Mason Dykstra is co-founder and Chief Science and Technology Officer of MinersAI, a company building the foundational data layer for mineral exploration and mining to accelerate the discovery of critical minerals needed for the energy transition and technological advancement.

Can you tell me about your background and what led you to found MinersAI?

I have a mixed academic and industry background. I was a researcher at University of California Santa Barbara after my PhD and a research professor at Colorado School of Mines for five years. I’m a geologist by background, and was doing deep ocean research on sediment movement and continental margin formation. After academia, I went back to the oil and gas industry where I’d worked before my PhD, doing everything from operations geology to production.

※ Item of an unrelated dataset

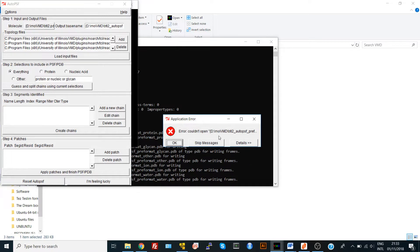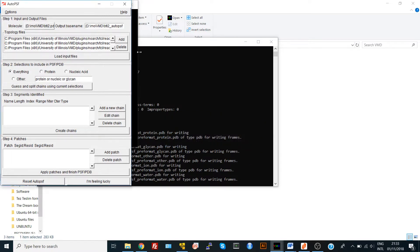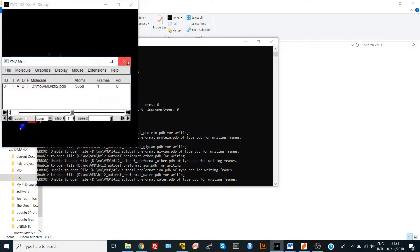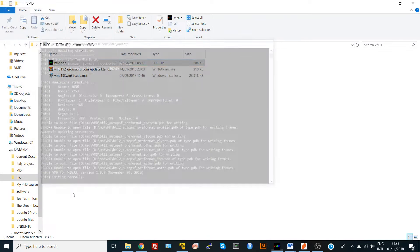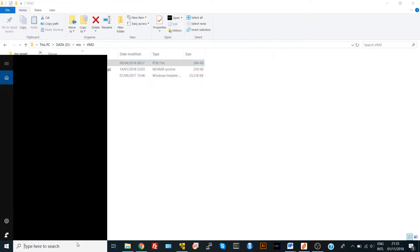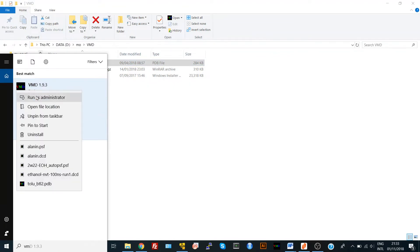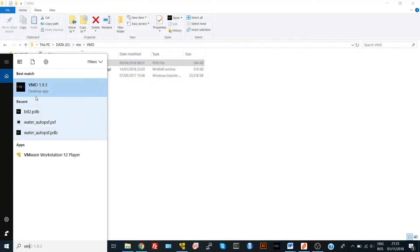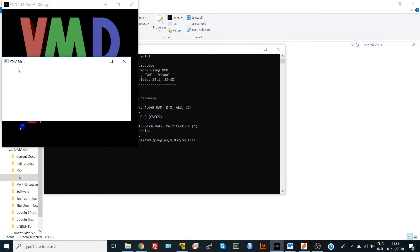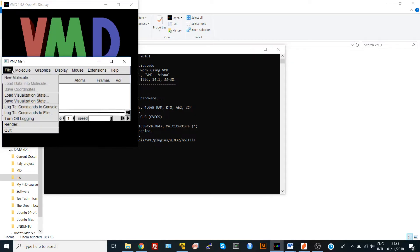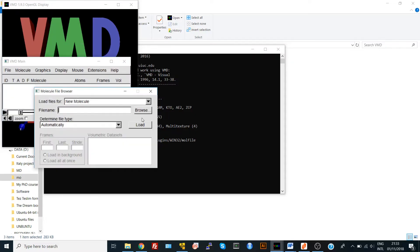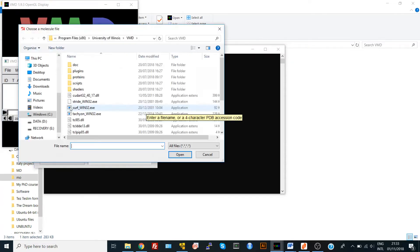What you should do is close everything and go here for VMD and select Run as Administrator. You say yes, and you get your file from File Browser. We have it here in VMD and you load it.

I ran a research center for Statoil, the Norwegian state oil company that became Equinor, in Texas. My last oil and gas role was with Anadarko Petroleum before they were acquired by Occidental in 2019. I then joined Enthought, a scientific software company I’d hired to prototype machine learning applications at Anadarko. I ran their energy business for a few years, building machine learning-forward technical analysis software for supermajors.

Looking at the mining industry in early 2023, I realized they were much further behind technologically than oil and gas. There was huge potential to bring technology to the space, and help improve the vertical. I met my co-founder Tomi at PDAC, the big Canadian mineral exploration and mining conference, and we decided early on to build what’s fundamentally missing from mining: a foundational data layer for the entire vertical.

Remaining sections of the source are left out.